Media reports immediately questioned whether seeking security clearances for Donald Trump Jr., Ivanka Trump and Eric Trump, who the president-elect has said will be in charge of running his business interests via a questionably ethical "blind trust," would constitute a conflict of interest.

A Trump transition team official denied the claims in an email forwarded to Mic, saying the president-elect did not request the clearances and that the paperwork to do so has not been filed.

"That's not something I'm expecting right now," they added.

While federal nepotism rules ostensibly prevent Trump from appointing any of his family members to positions in his administration, the president could request a security clearance waiver on the basis of the children operating as unofficial, unpaid advisers to the president. Since the entire security clearance system operates via executive order, there are few checks on Trump changing elements of that system to enable the clearances after his inauguration.

Thus the Trump children would essentially be acting as top-level advisers to the president on matters of national security, and it is unclear whether their influence would be subject to external oversight.

A blind trust would require the president-elect to put all of his business interests under the control of an independent manager, not people with a direct connection to his administration.

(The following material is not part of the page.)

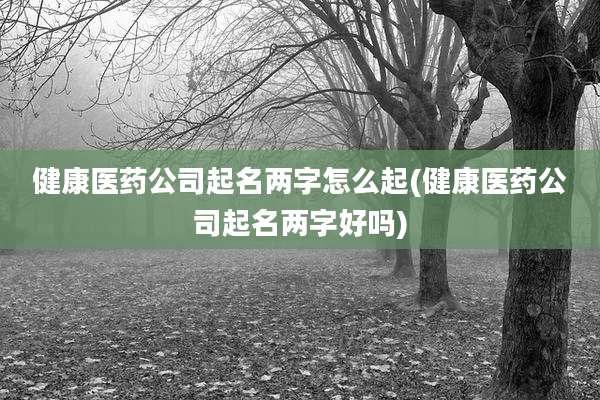 健康医药公司起名两字怎么起(健康医药公司起名两字好吗)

Over the weekend, Trump surrogate, potential future administration official and former New York City Mayor Rudy Giuliani argued the president-elect may not be able to put his businesses into a traditional blind trust managed by his children because that would "basically put his children out of work."

The Trump children would then have to "start a whole new business and that would set up ... new problems," Giuliani added.

Nov. 14, 2016 at 9:37 p.m.: This article has been updated.